Article paru dans Le Prolétaire, n° 47, octobre 1967, p. 1-2


« Mythes et réalités dans les apports économiques entre pays industrialisés et pays sous-développés », tel est le titre éloquent d’un article publié par le quotidien algérien El Moudjahid, des 3, 4 et 5 septembre.

En plein vaudeville de la « mobilisation » (Ah ! qu’il est bon d’être martial lorsque la guerre est loin !) la petite-bourgeoisie algérienne est en veine d’effusions. Hier encore pleine d’espérance, elle se demande aujourd’hui sur un ton larmoyant : quel est le bilan de cinq années d’indépendance ? Et elle se répond à elle-même : rien, absolument rien sinon « une étroite dépendance financière, commerciale, technique et technologique » à l’égard des grandes métropoles capitalistes. Les mécanismes économiques qui ont permis l’exploitation des pays ex-coloniaux « n’ont subi aucune modification notable quant à leur finalité ». Voilà où nous en sommes et pourtant, après tant de souffrances, nous aurions droit à un tout autre traitement, s’exclame-telle indignée. Sans vaine commisération pour les malheurs de la petite-bourgeoisie algérienne, voyons ce qui provoque son indignation.

Les ressources apportées par les exportations sont dérisoires, elles ne suffisent pas à financer les importations nécessaires à l’industrialisation et mettent même quelquefois en péril l’approvisionnement régulier en produits de première nécessité. « La cause constamment dénoncée dans les enceintes internationales par les représentants des pays en voie de développement, en est que leurs richesses naturelles et leurs productions primaires sont exportées à vil prix vers les pays industrialisés, tandis qu’ils paient au prix fort les produits manufacturés importés de ces mêmes pays ». Après tant de bavardages d’une « gauche » européenne crétinisée sur sur les « grandes conquêtes révolutionnaires » des pays du « tiers monde », la « triste réalité », comme dit l’auteur de l’article, est que les pays libérés du colonialisme exportent des matières premières à vil prix pour importer en échange des produits manufacturés grassement payés.

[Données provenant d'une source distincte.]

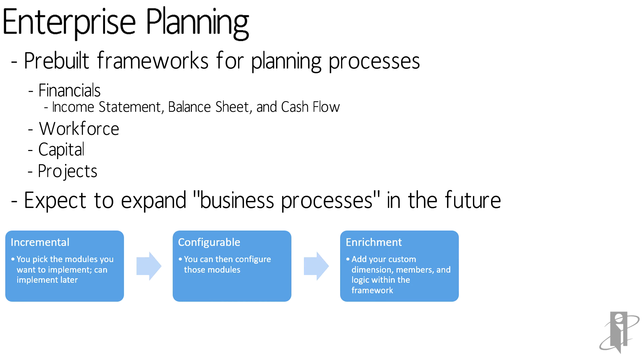You're enriching the framework, but all the while, Oracle's developed a solution and framework to still make sure the solution is upgradable.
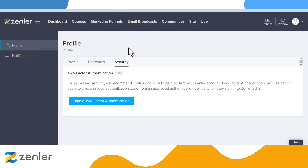At the moment you can see this is off. The message says: for increased security, we recommend configuring MFA to help protect your Zendler account. Two-factor authentication requires admin users to type a unique authentication code from an approved authentication device when they sign in to Zendler admin. In this case, we're going to use Google Authenticator. Let's start the process by clicking Enable Two-Factor Authentication.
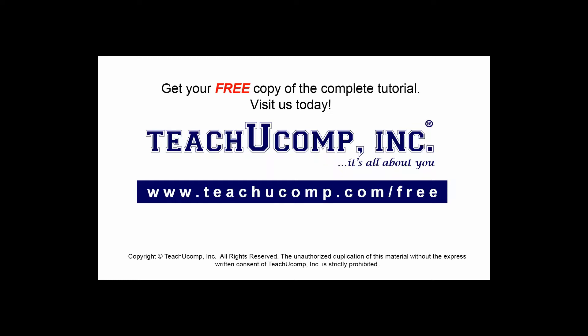Get your free copy of the complete tutorial at www.teachyoucomp.com forward slash free.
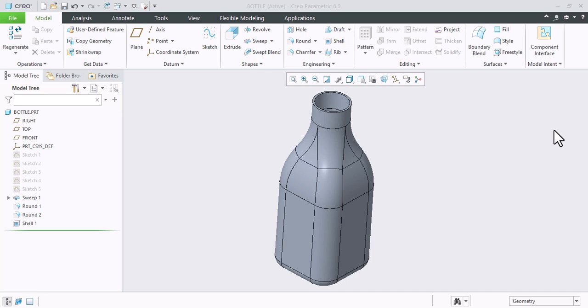Hey guys, welcome to our channel CAD Solution. Today we will learn about how to calculate internal volume of any surface.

C’est précisément là le système imposé par le marché mondial, et il ne peut en aller autrement dans une société fondée sur les rapports de production bourgeois. En effet, il est indispensable pour le capitaliste d’acheter à bon marché pour revendre cher : c’est sa fonction comme son but. D’autre part, il est essentiel pour les pays industrialisés de disposer des matières premières au prix le plus bas possible. Une diminution du prix des matières premières commande en effet une augmentation correspondante du taux de profit. Enfin, le bas prix des matières premières conjugué à l’amélioration technique continuelle des instruments de production et à l’intensification de l’exploitation de la force de travail permettent d’obtenir des produits à bon marché que l’on pourra répandre partout en forçant la concurrence. Dans le Manifeste des communistes, Marx n’écrivait-il pas : « Le bas prix de ses marchandises est la plus grosse artillerie avec laquelle elle (la bourgeoisie) démolit toutes les murailles de Chine et obtient la capitulation des barbares les plus opiniâtrement xénophobes » ? Il n’est pas besoin d’aller chercher plus loin pour comprendre l’action des Etats à grand développement industriel pour maintenir au plus bas le prix des matières premières minérales et organiques.

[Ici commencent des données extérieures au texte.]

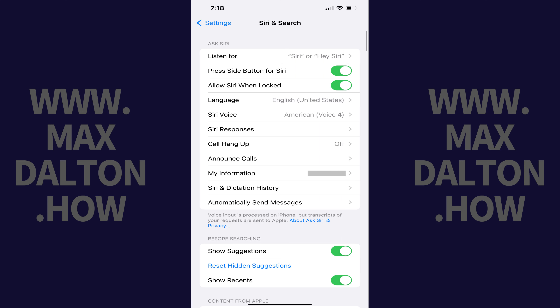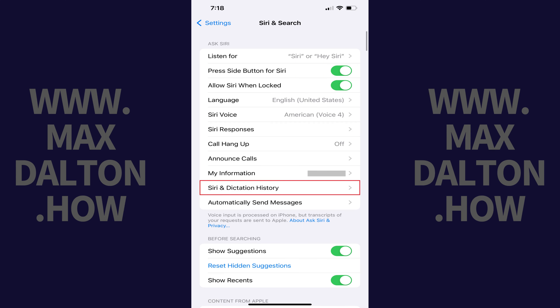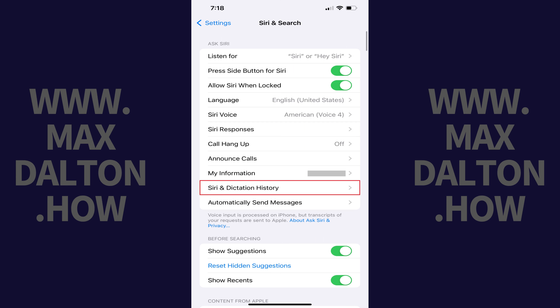Step 3: Navigate to the Ask Siri section and then tap Siri and Dictation History. The associated screen is shown. Step 4: Tap Delete Siri and Dictation History.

Face à cela, nos petits-bourgeois récriminent : « L’indépendance de notre pays n’a rien changé au fond des choses : car, en jouant sur les prix et les contingents admis sur le marché français, nos partenaires s’arrangent pour qu’il ne reste aujourd’hui en Algérie que juste de quoi couvrir les salaires des travailleurs. Les résultats rémunérateurs et les nouvelles sources de financement ainsi dégagées, continuent, comme par le passé, à suivre l’économie française ». Le discours, comme il est bien clair, s’adresse surtout ici aux travailleurs algériens : ne vous plaignez pas des bas salaires, nous n’y sommes pour rien puisque ce sont les Français qui empochent tous les profits. Il ne nous reste, à nous, que bien peu. Au travail donc, et sans rechigner ; nous nous occupons de notre côté du bien de la nation ! (voir à ce propos nos articles sur « l’Algérie après l’indépendance », Le Prolétaire nos 28 et 29, où nous dénoncions les illusions nées de l’indépendance nationale).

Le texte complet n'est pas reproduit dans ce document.